Reputation: 5992
I've read a book where it states that all fundamental operations in regular expressions are concatatenation
, or(|)
, closure(*)
and parenthesis
to override default precedence. Every other operation is just a shortcut for one or more fundamental operations.
For example, (AB)+
shortcut is expanded to (AB)(AB)*
and (AB)?
to (ε | AB)
where ε
is empty string. First of all, I looked up ASCII table and I am not sure which charcode is designated to empty string. Is it ASCII 0
?
I'd like to figure out how to express the shortcuts ^
and $
as in ^AB
or AB$
expression in the fundamental operations, but I am not sure how to do this. Can you help me out how this is expressed in fundamentals?
Upvotes: 3
Views: 82
Reputation: 85767
Regular expressions, the way they are defined in mathematics, are actually string generators, not search patterns. They are used as a convenient notation for a certain class of sets of strings. (Those sets can contain an infinite number of strings, so enumerating all elements is not practical.)
In a programming context, regexes are usually used as flexible search patterns. In mathematical terms we're saying, "find a substring of the target string S that is an element of the set generated by regex R". This substring search is not part of the regex proper; it's like there's a loop around the actual regex engine that tries to match every possible substring against the regex (and stops when it finds a match).

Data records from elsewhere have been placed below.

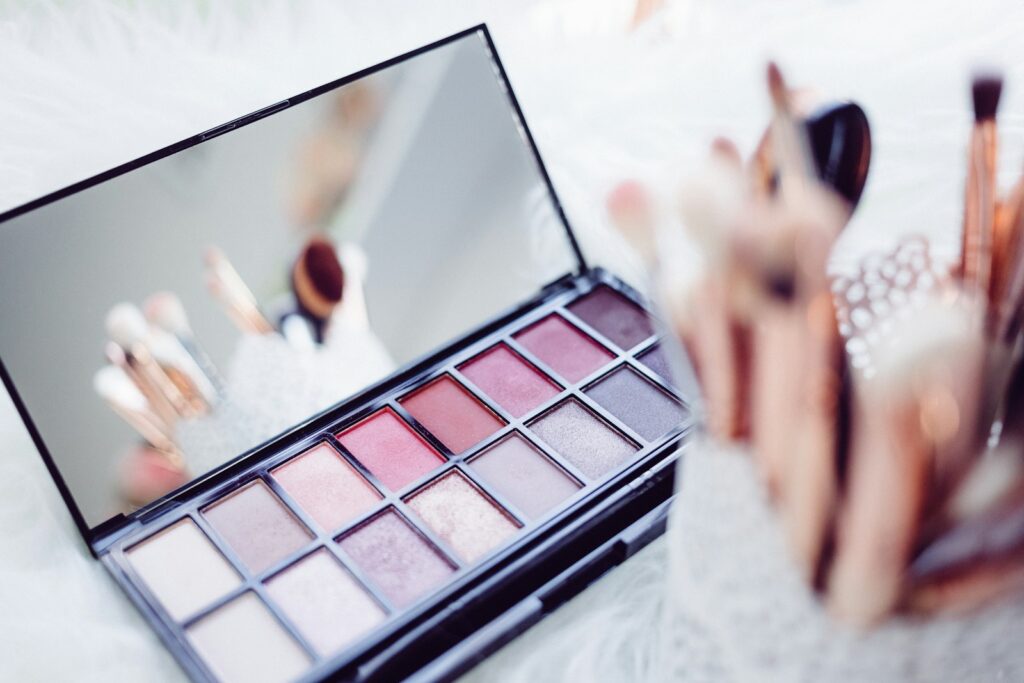 Bridal makeup vanity with brushes and palettes in soft light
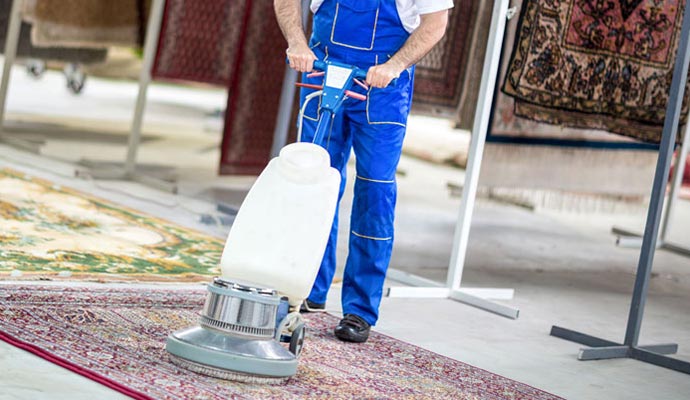 A worker cleaning the rug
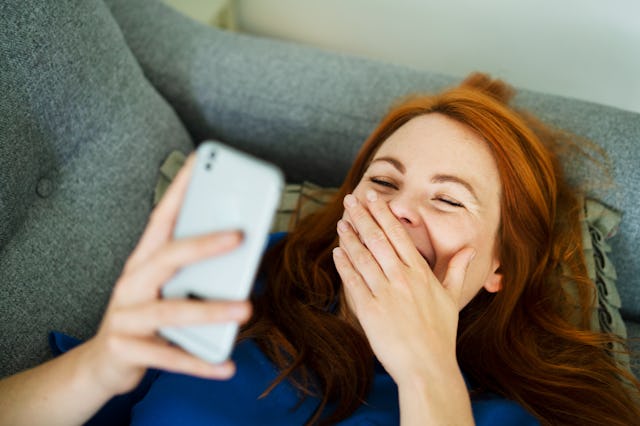 A woman giggles while reading a phone.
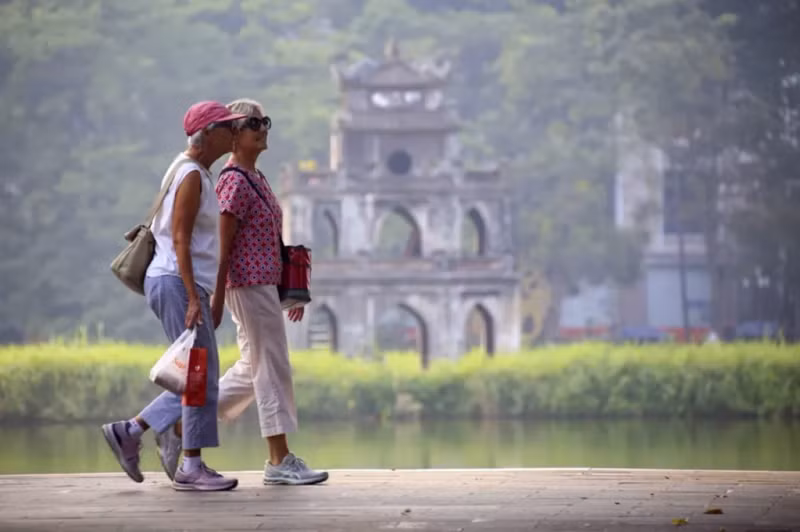 Des touristes étrangers se promenant au bord du lac Hoàn Kiêm. Photo : VNA/CVN.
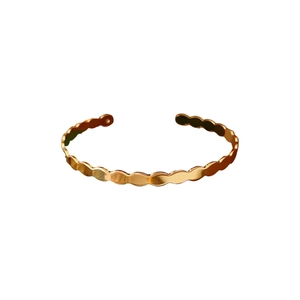 Minimalist twisted geometric open gold bangle with wave-edged glossy finish
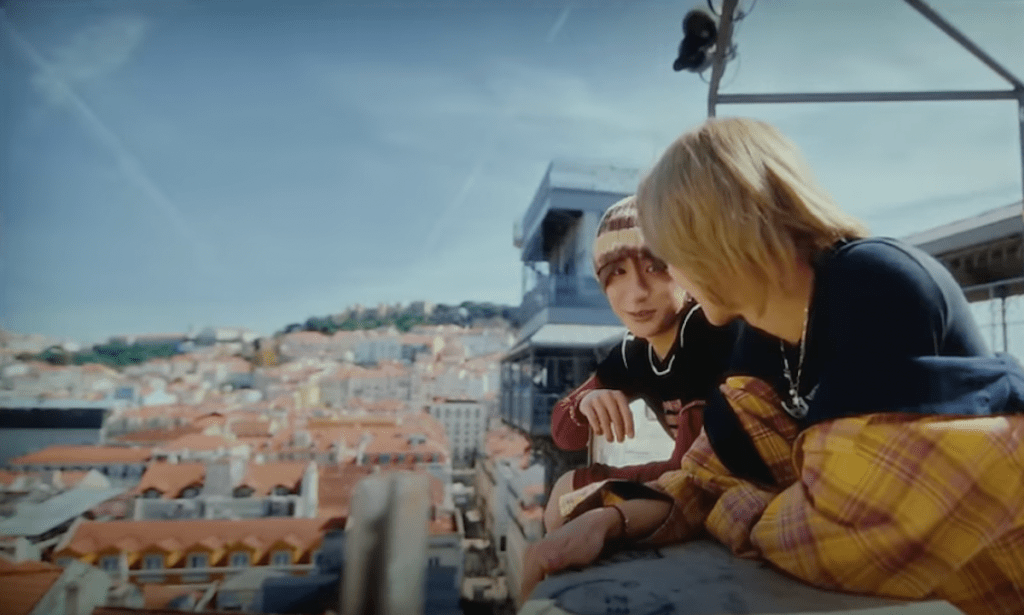 Cena do MV do single "Impossible" do RIIZE com Anton e Wonbin acompanhados pela vista para a cidade de Lisboa, em Portugal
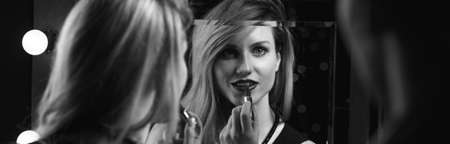 Man is watching woman doing her make-upの写真素材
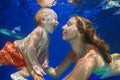 Mother, baby son swim and dive underwater in swimming pool Royalty Free Stock Photo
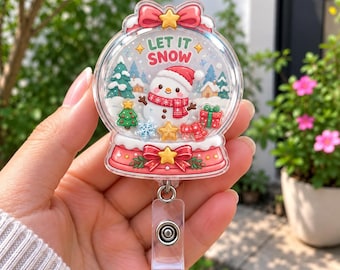 Op de afbeelding: Een ronde badgehouder van acryl met een sneeuwbolontwerp, voorzien van een sneeuwpop met een rode muts en sjaal, groene kerstbomen en cadeautjes. De tekst LET IT SNOW staat bovenaan. De basis is roze met een rode strik en gele ster.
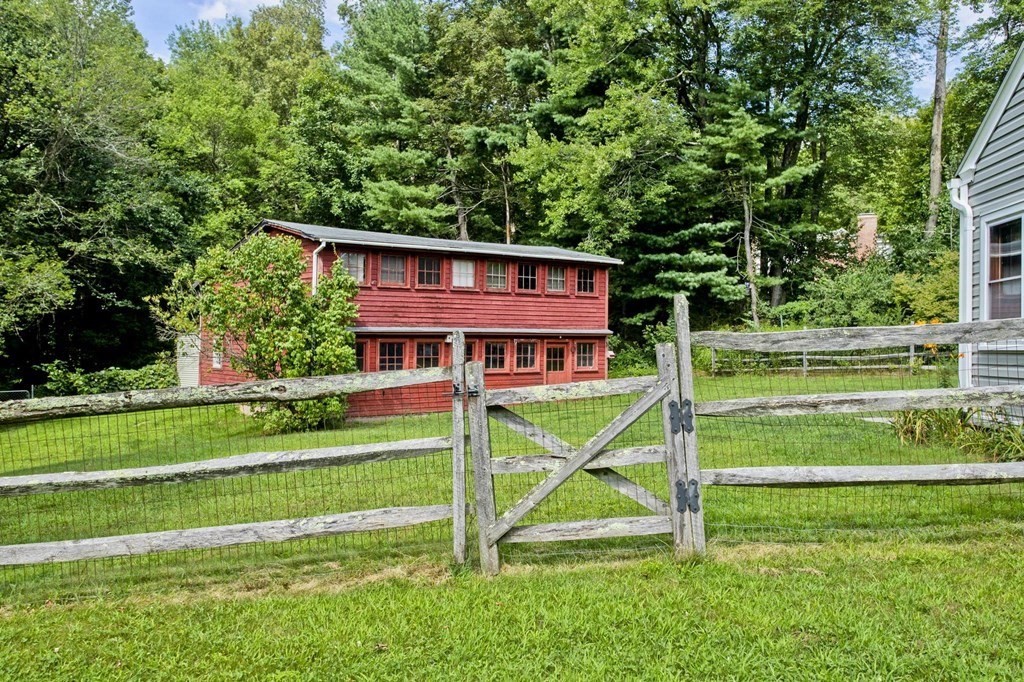 153 Bennett Road Hampden, MA 01036 - Photo 5 of 30 a view of a house with a big yard and a large trees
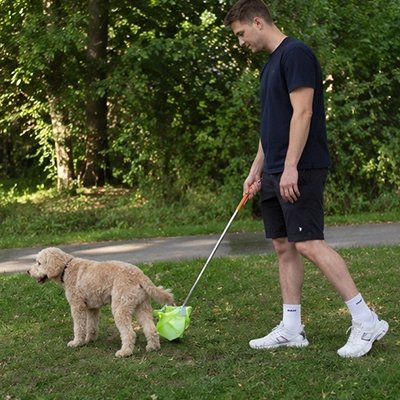 Ramasse crotte chien​ homme suivant son chien avec le ramasse crottes pour recueillir ses excrément durant la promenade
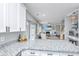 Open kitchen with white cabinets, granite countertops, stainless steel appliances, and a seamless flow to the living area at 107 Tandil Ct, Summerville, SC 29483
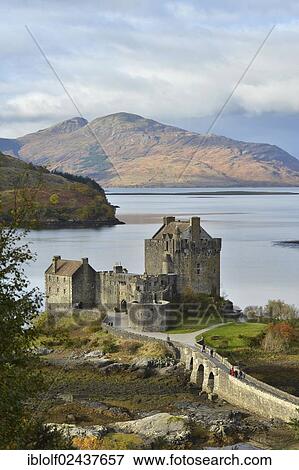 "Eilean Donan Castle with autumnal forest, headquarters of the Scottish clan of Macrae, Loch Duich, Dornie, North West Highlands, Scotland, United Kingdom, Europe" View Large Photo Image Stock Photo - "Eilean Donan Castle with autumnal forest, headquarters of the Scottish clan of Macrae, Loch Duich, Dornie, North West Highlands, Scotland, United Kingdom, Europe". Fotosearch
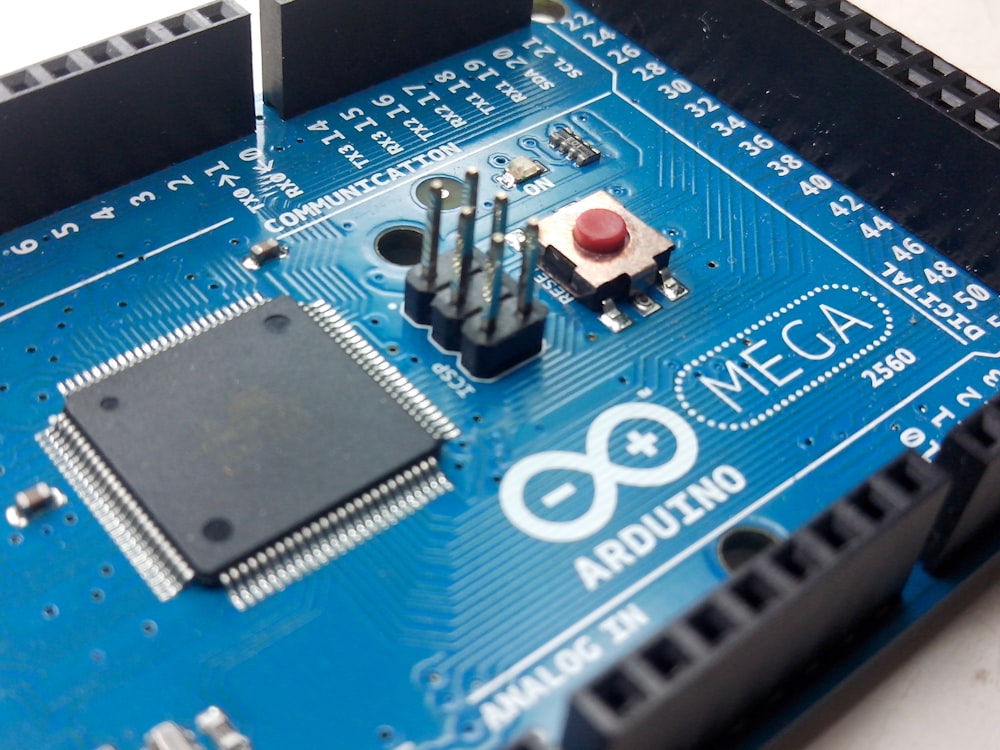 blue and black Arduino Mega circuit board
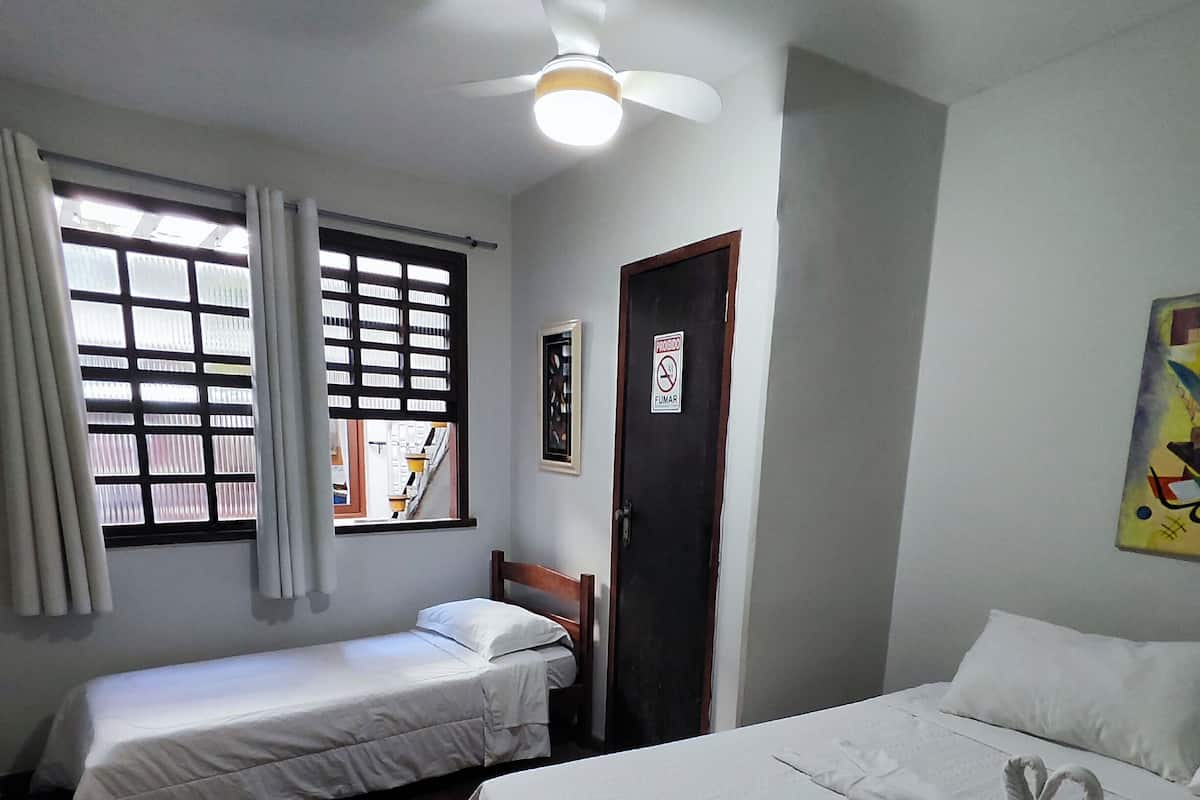 A room with two single beds, a ceiling fan, a window with blinds, and a door with a 'No Smoking' sign.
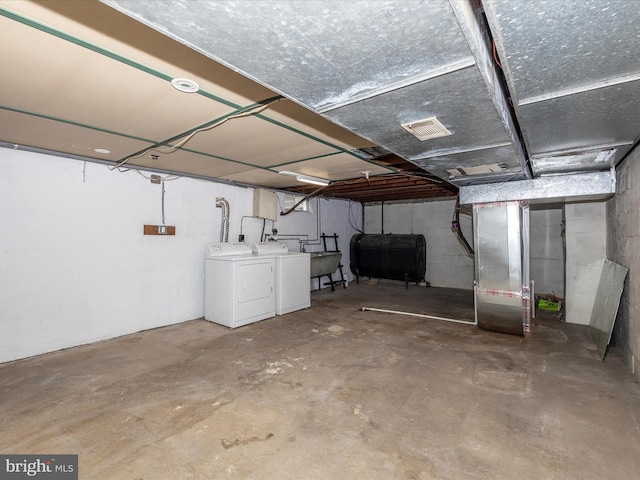 basement with sink, washing machine and dryer, and heating unit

In fundamental regex terms, it's like there's an implicit .*
added before and after your pattern. When you look at it this way, ^
and $
simply prevent .*
from being added at the beginning/end of the regex.
As an aside, regexes (as commonly used in programming) are not actually "regular" in the mathematical sense; i.e. there are many constructs that cannot be translated to the fundamental operations listed above. These include backreferences (\1
, \2
, ...), word boundaries (\b
, \<
, \>
), look-ahead/look-behind assertions ((?= )
, (?! )
, (?<= )
, (?<! )
), and others.
As for ε: It has no character code because the empty string is a string, not a character. Specifically, a string is a sequence of characters, and the empty string contains no characters.
Upvotes: 7
Reputation: 4013
^AB
can be expressed as (εAB)
ie an empty string followed by AB and AB$
can be expressed as (ABε)
that's AB followed by an empty string.
The empty string is actually defined as ''
, that's a string of 0 length, so has no value in the ASCII table. However the C programming language terminates all strings with the ASCII NULL character, although this is not counted in the length of the string it still must be accounted for when allocating memory.
EDIT As @melpomene pointed out in their comment εAB is equivalent to AB which makes the above invalid. Having talked to a work college I'm no longer sure how to do this or even if it's possible. Hopefully someone can come up with an answer.
Upvotes: 2